Apache Lucene¶
What is Apache Lucene?¶
- Definition: Lucene is a high-performance, full-text search library written in Java.
- Role in Elasticsearch:
- Each shard in Elasticsearch is essentially a Lucene index.
- Elasticsearch uses Lucene for storing, indexing, and searching data.
Core Concepts of Lucene¶
1. Documents¶
- A document in Lucene is a collection of fields (key-value pairs).
- Example:
id,title, andcontentare fields.- Fields can be stored or indexed (or both).
2. Fields¶
-
Fields have two main properties.
- Stored: Whether the field’s value is stored for retrieval (e.g., to display in search results).
- Indexed: Whether the field’s value is indexed for searching.
-
Field types:
- Text: Analyzed for full-text search (e.g.,
"content"). - Keyword: Not analyzed, used for exact matches (e.g.,
"id").
- Text: Analyzed for full-text search (e.g.,
3. Inverted Index¶
- The inverted index is Lucene’s core data structure for fast text search.
-
It maps terms (tokens) to the documents that contain them.
-
Example:
Term Document IDs elasticsearch [1, 2] basics [1] distributed [1] -
How it works:
- At index time, Lucene tokenizes text fields and builds the inverted index.
- At search time, Lucene looks up terms in the inverted index to find matching documents.
4. Segments¶
-
A Lucene index is divided into segments (immutable files on disk).
-
Why segments matter:
- Each segment is a mini-index containing a subset of the data.
- Segments improve performance by allowing parallel processing during searches.
- New documents are added to new segments; old segments remain unchanged (immutable).
-
Segment Lifecycle:
- Create: New segments are created when data is flushed from memory to disk.
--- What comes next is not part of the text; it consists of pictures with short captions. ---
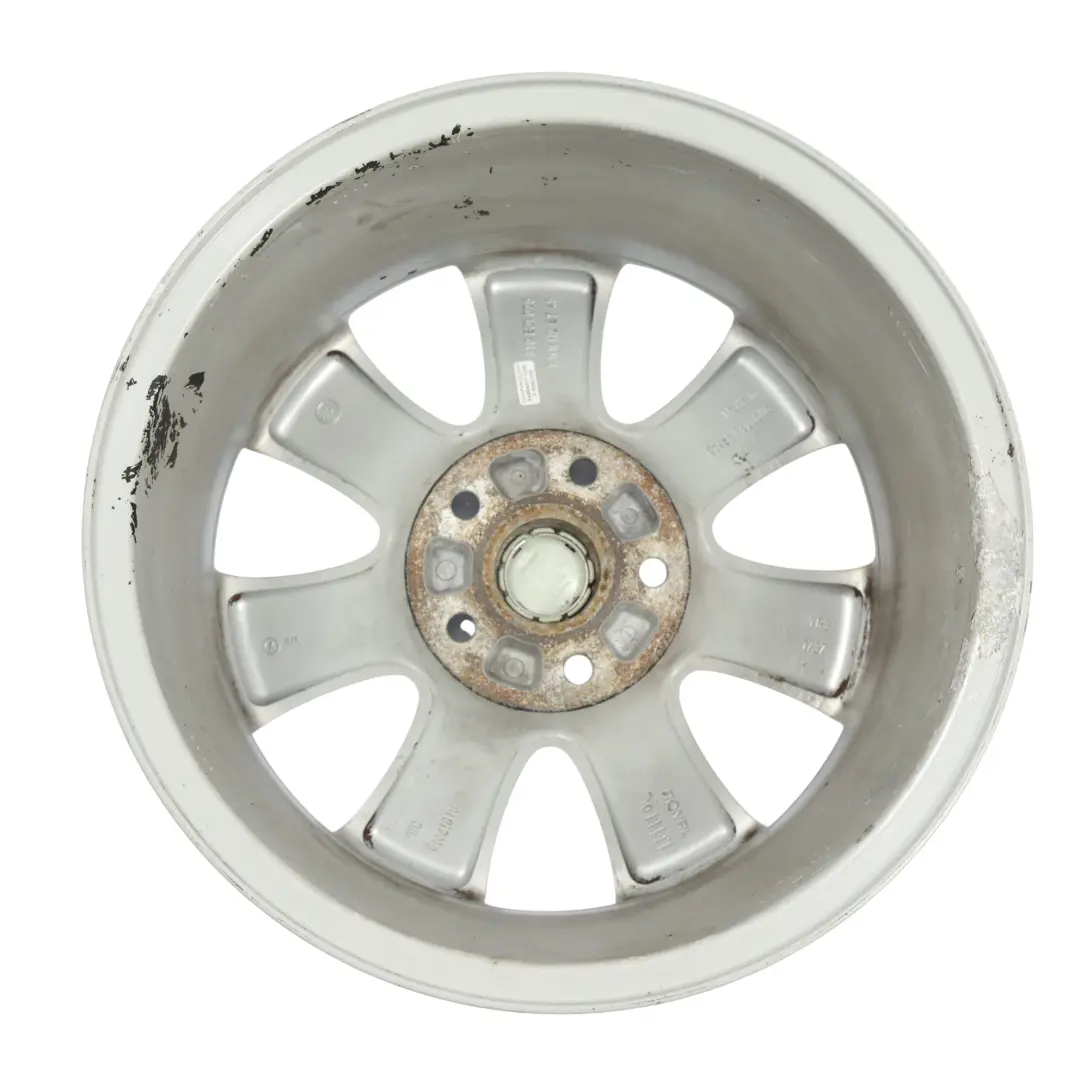 Skoda Yeti 5L Superb Argento Cerchio In Lega 16" 7J ET:45 - SKU 3T0601025-1 - Numero di parte 3T0601025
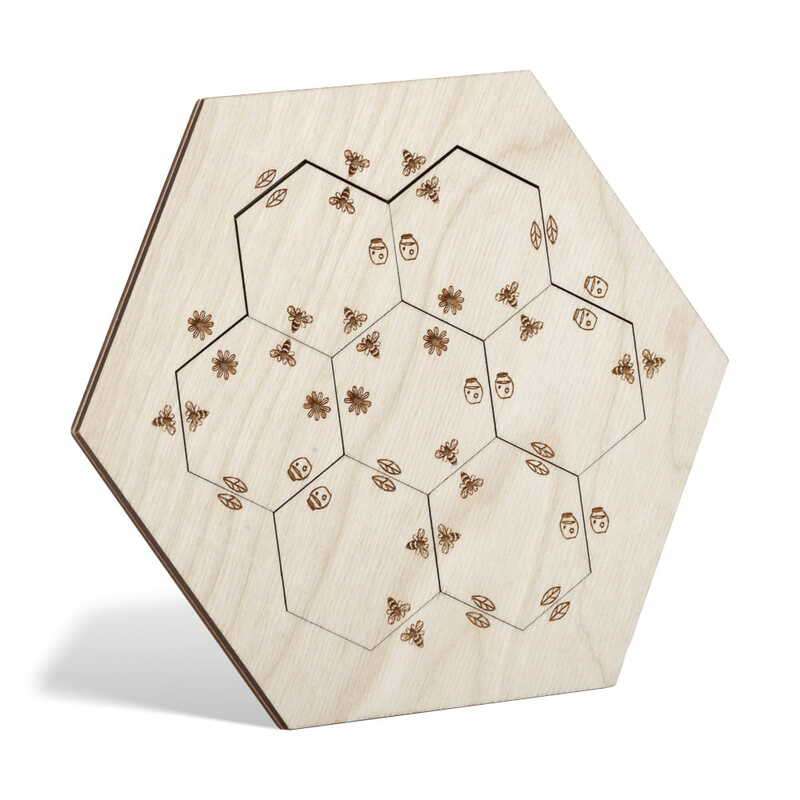 Gra drewniana Ulala 7 elem.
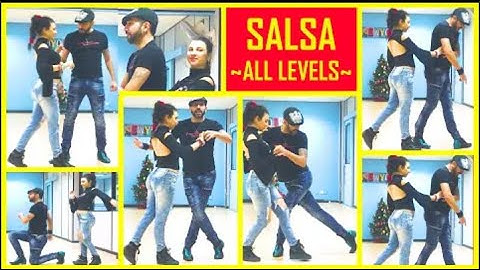 11 Different SALSA *Cross-Body* Leads!?! 😲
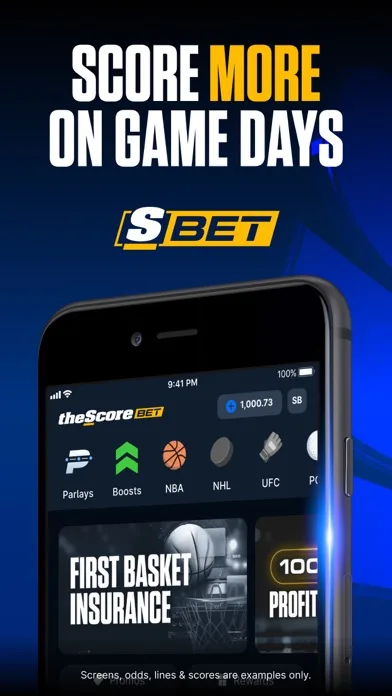 theScore Bet Sportsbook Casino screenshot 2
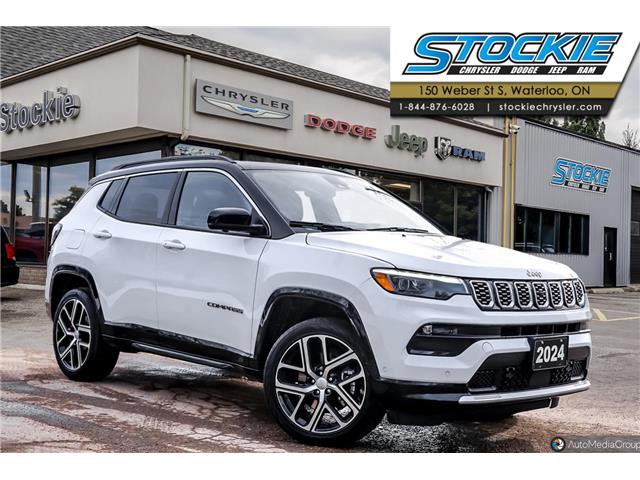 2024 Jeep Compass Limited (Stk: 46605) in Waterloo - Image 1 of 29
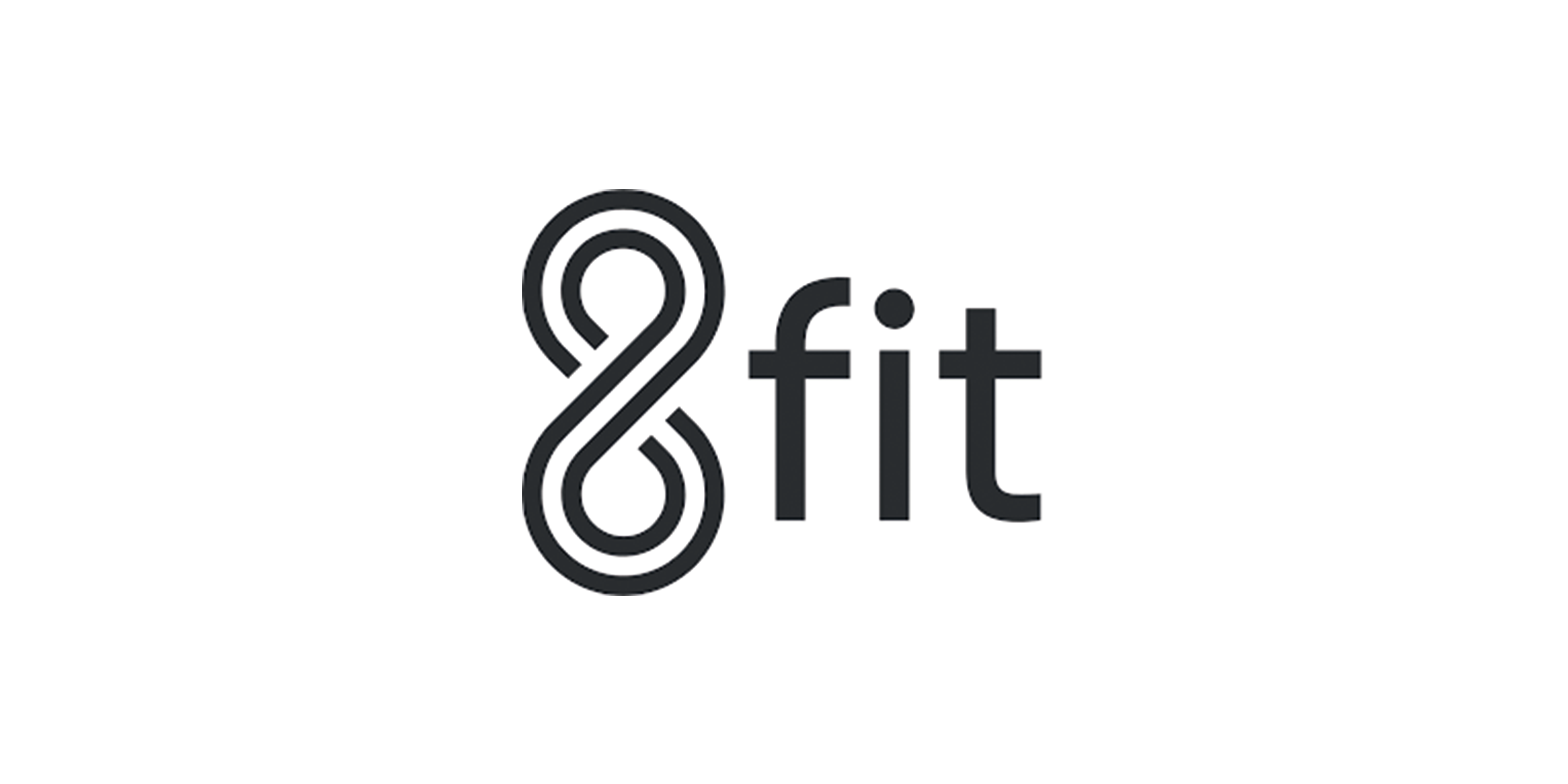 Hier ist das Logo von 8fit zusehen.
- Merge: Smaller segments are periodically merged into larger ones to optimize performance.
- Delete: Deleted documents are marked in the segment but not physically removed until a merge occurs.
5. Tokenization¶
- Tokenization splits text into tokens (words/terms) for indexing.
-
Example:
- Input:
"The quick brown fox jumps over the lazy dog." - Tokens:
["the", "quick", "brown", "fox", "jumps", "over", "the", "lazy", "dog"]
- Input:
-
Customization:
- Use different tokenizers (e.g.,
standard,whitespace,ngram) to control how text is split.
6. Scoring¶
- Lucene assigns a relevance score to each document based on how well it matches the query.
-
Scoring is based on:
- TF-IDF (Term Frequency-Inverse Document Frequency):
- Measures how important a term is in a document relative to the entire corpus.
- BM25 (default in Elasticsearch):
- A modern scoring algorithm that improves relevance for long documents.
- TF-IDF (Term Frequency-Inverse Document Frequency):
-
Example:
- Query:
"elasticsearch" - Documents with more mentions of
"elasticsearch"will score higher.
- Query:
Lucene Internals¶
1. Index Structure¶
- A Lucene index consists of:
- Segments: Immutable files containing subsets of the data.
- Commit Points: Metadata about which segments belong to the index.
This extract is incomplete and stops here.